Home/On-Call Cost/Two-Tier Cost

ROTATION ECONOMICS

Primary + Escalation On-Call: 2-Tier Cost vs Single-Tier 2026

Updated June 2026. Sources: Google SRE Book Chapter 11 (Being On-Call), public PagerDuty and incident.io case studies.

The Division of Labour

Two-tier on-call splits incident response across two distinct rotations with different responsibilities. Tier-1, the primary on-call, takes every page first. The primary's job is to assess the page, execute documented runbook steps for known classes, and mitigate the routine 80 percent of incidents without escalation. Tier-2, variously named escalation rotation, secondary on-call, or senior on-call, is paged only when the primary cannot mitigate within a defined window (typically 15 to 30 minutes for Sev-1 incidents).

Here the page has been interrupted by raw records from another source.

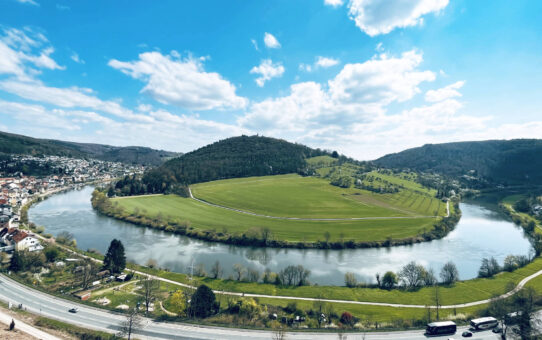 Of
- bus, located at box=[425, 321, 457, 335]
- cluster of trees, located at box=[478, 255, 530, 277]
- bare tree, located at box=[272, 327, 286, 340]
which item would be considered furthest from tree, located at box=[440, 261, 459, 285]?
bare tree, located at box=[272, 327, 286, 340]

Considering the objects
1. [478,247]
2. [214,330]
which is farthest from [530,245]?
[214,330]

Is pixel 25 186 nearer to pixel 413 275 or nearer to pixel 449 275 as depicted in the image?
pixel 413 275

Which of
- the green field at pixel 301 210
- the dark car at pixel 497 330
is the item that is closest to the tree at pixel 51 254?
the green field at pixel 301 210

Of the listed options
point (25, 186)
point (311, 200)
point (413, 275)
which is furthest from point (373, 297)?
point (25, 186)

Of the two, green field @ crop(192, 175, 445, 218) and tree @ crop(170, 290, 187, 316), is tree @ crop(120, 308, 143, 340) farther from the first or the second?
green field @ crop(192, 175, 445, 218)

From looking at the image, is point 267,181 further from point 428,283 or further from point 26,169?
point 26,169

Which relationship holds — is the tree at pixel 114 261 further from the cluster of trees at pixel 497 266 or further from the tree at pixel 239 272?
the cluster of trees at pixel 497 266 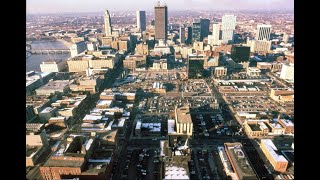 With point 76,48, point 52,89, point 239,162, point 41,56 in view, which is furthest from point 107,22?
point 239,162

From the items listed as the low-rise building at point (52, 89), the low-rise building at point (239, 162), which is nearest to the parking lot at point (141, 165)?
the low-rise building at point (239, 162)

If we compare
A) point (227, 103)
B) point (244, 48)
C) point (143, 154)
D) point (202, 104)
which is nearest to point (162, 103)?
point (202, 104)

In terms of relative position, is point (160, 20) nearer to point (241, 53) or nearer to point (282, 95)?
point (241, 53)

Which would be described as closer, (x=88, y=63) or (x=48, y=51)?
Answer: (x=88, y=63)

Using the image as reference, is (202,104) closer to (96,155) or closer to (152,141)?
(152,141)

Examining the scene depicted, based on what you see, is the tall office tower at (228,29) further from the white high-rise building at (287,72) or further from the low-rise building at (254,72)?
the white high-rise building at (287,72) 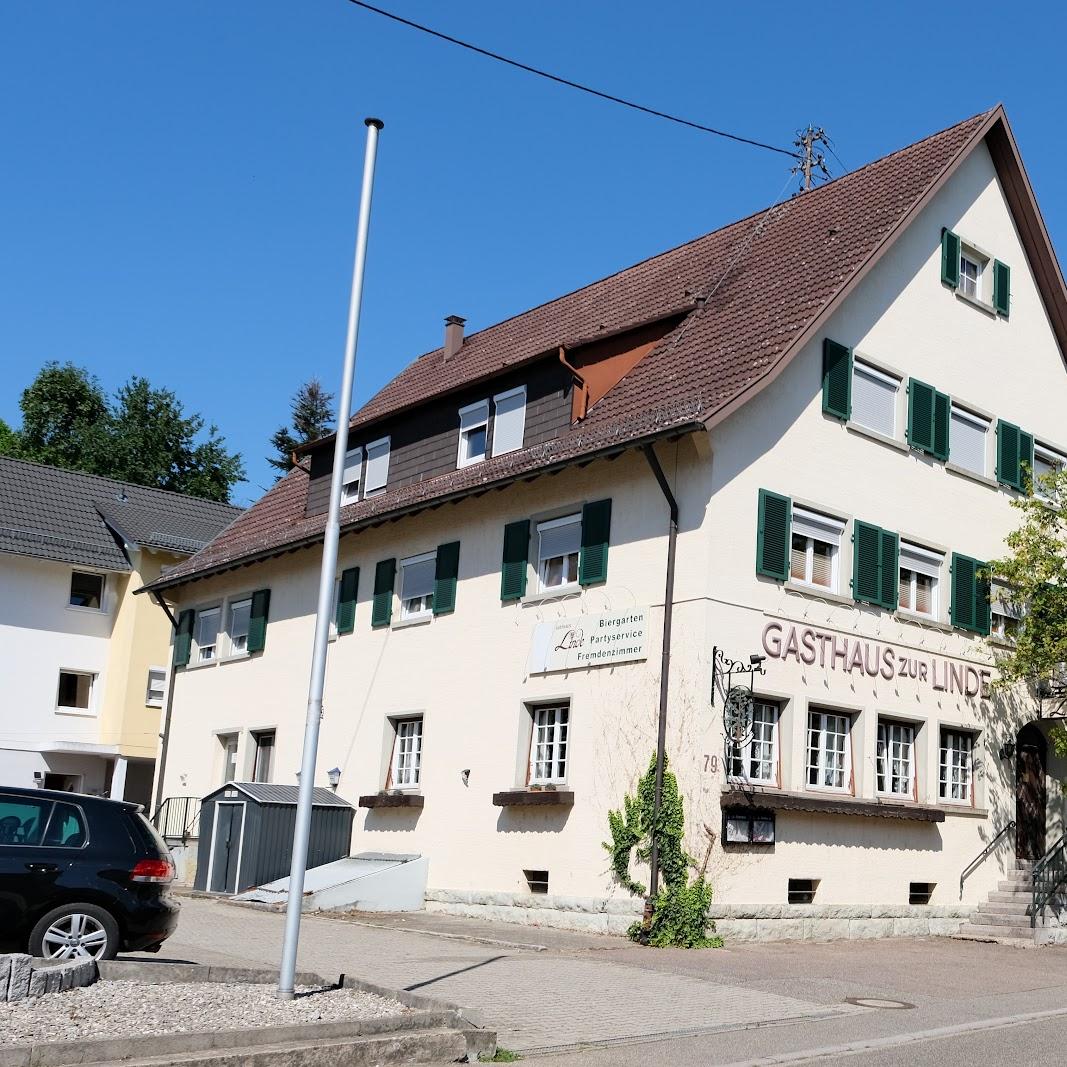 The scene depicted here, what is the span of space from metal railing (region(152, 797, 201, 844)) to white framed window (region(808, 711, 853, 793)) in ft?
39.7

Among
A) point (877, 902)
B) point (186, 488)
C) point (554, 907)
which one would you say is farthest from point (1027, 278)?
point (186, 488)

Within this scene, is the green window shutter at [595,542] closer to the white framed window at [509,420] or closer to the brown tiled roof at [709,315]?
the brown tiled roof at [709,315]

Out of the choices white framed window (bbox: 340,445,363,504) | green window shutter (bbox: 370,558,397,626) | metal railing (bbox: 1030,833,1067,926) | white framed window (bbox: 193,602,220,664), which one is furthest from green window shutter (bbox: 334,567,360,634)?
metal railing (bbox: 1030,833,1067,926)

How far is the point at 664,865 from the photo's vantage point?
56.3 feet

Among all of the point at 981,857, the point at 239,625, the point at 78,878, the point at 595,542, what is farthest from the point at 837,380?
the point at 239,625

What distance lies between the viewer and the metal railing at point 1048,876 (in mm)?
20078

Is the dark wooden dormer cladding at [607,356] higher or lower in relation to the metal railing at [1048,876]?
higher

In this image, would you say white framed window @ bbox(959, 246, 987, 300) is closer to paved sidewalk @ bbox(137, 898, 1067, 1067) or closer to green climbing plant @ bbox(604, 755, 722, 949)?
green climbing plant @ bbox(604, 755, 722, 949)

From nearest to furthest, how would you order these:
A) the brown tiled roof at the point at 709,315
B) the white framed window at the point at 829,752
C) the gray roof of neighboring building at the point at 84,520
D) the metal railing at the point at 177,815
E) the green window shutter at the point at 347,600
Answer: the brown tiled roof at the point at 709,315 → the white framed window at the point at 829,752 → the green window shutter at the point at 347,600 → the metal railing at the point at 177,815 → the gray roof of neighboring building at the point at 84,520

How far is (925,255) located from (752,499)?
232 inches

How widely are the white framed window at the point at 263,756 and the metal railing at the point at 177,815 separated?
1380mm

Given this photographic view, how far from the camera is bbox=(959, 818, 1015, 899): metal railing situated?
20719 millimetres

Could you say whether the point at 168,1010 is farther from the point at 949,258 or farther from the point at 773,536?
the point at 949,258

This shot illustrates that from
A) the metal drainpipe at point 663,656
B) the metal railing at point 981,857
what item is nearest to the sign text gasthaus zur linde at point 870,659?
the metal drainpipe at point 663,656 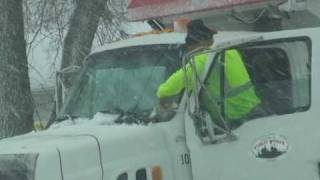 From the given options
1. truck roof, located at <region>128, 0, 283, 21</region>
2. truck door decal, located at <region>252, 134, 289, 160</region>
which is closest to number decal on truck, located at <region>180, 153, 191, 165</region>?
truck door decal, located at <region>252, 134, 289, 160</region>

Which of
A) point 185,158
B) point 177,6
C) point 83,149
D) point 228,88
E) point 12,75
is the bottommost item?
point 185,158

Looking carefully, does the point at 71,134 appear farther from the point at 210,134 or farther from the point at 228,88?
the point at 228,88

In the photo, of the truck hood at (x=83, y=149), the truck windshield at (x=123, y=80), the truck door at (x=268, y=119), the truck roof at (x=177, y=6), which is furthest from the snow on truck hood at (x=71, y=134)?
the truck roof at (x=177, y=6)

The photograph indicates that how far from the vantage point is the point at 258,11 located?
5312 mm

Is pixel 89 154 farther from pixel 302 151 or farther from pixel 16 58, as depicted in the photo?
pixel 16 58

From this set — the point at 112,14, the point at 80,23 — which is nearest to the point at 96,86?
the point at 80,23

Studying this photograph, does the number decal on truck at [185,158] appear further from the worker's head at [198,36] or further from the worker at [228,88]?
the worker's head at [198,36]

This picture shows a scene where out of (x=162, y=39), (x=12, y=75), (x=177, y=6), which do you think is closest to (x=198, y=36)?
(x=162, y=39)

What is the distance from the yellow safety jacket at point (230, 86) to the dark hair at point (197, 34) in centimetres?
21

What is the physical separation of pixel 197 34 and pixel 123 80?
2.11 ft

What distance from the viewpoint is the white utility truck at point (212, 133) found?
4312 millimetres

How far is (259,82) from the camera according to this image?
15.6 feet

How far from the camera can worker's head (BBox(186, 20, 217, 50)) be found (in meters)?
4.83

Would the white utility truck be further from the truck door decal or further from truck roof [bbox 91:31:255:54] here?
truck roof [bbox 91:31:255:54] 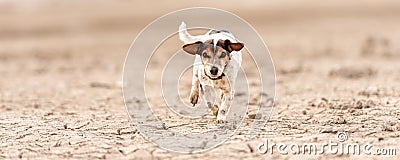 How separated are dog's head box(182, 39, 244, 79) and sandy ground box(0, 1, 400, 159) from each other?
722mm

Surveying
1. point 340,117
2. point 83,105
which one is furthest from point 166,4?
point 340,117

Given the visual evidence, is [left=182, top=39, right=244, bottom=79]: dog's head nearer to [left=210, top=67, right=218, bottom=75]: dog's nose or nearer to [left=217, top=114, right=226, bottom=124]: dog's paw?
[left=210, top=67, right=218, bottom=75]: dog's nose

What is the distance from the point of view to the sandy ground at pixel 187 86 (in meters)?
6.11

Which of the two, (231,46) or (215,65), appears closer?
(215,65)

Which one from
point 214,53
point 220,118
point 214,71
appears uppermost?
point 214,53

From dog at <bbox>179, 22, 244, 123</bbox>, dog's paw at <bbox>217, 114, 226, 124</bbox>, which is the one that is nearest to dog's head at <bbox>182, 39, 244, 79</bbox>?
dog at <bbox>179, 22, 244, 123</bbox>

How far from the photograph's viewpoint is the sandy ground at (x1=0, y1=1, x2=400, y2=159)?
611cm

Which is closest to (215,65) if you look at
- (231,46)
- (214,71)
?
(214,71)

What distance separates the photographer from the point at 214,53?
19.9 ft

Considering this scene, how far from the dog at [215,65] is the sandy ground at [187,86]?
462 mm

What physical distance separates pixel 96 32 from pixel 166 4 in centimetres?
653

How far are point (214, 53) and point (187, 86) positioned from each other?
17.0ft

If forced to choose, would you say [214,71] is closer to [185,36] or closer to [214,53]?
[214,53]

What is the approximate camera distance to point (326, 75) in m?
12.0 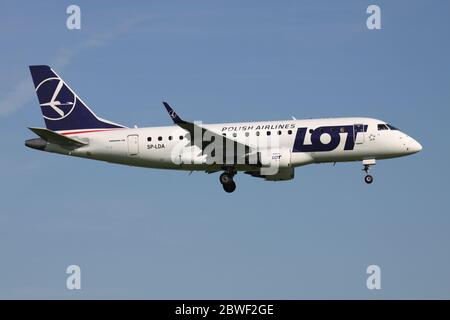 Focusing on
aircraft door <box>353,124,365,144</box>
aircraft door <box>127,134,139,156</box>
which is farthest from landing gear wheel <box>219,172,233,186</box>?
aircraft door <box>353,124,365,144</box>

The model is described in less detail in Google SRE Book Chapter 11 than the follow-the-sun pattern, but is widely adopted in practice. The structural value comes from spreading the deep-knowledge cognitive burden across fewer engineers (the tier-2 pool) while preserving fast first response from a wider engineer rotation (the tier-1 pool). It is also the natural pattern when an SRE team has a mix of senior and intermediate engineers and the seniors are too few to staff a primary rotation alone.

A common variation is a primary plus named-escalation model, where the escalation engineer is not on a rotation but is a single named person who is always reachable. This is structurally fragile (the named person becomes a permanent solo on-call from the escalation side) and should be treated as an interim arrangement, not a target state.

Page Propagation Rates

The fraction of tier-1 pages that escalate to tier-2 is the key operational metric for evaluating two-tier on-call. From public engineering blog write-ups and a small sample of operations data shared in conference talks (SREcon, DevOps Enterprise Summit), realistic ranges are as follows. Mature operations with strong runbook coverage and well-tuned alerts: 5 to 15 percent escalation rate. Typical operations: 15 to 30 percent escalation rate. Less mature operations with weak runbook coverage or noisy alerting: 30 to 60 percent escalation rate.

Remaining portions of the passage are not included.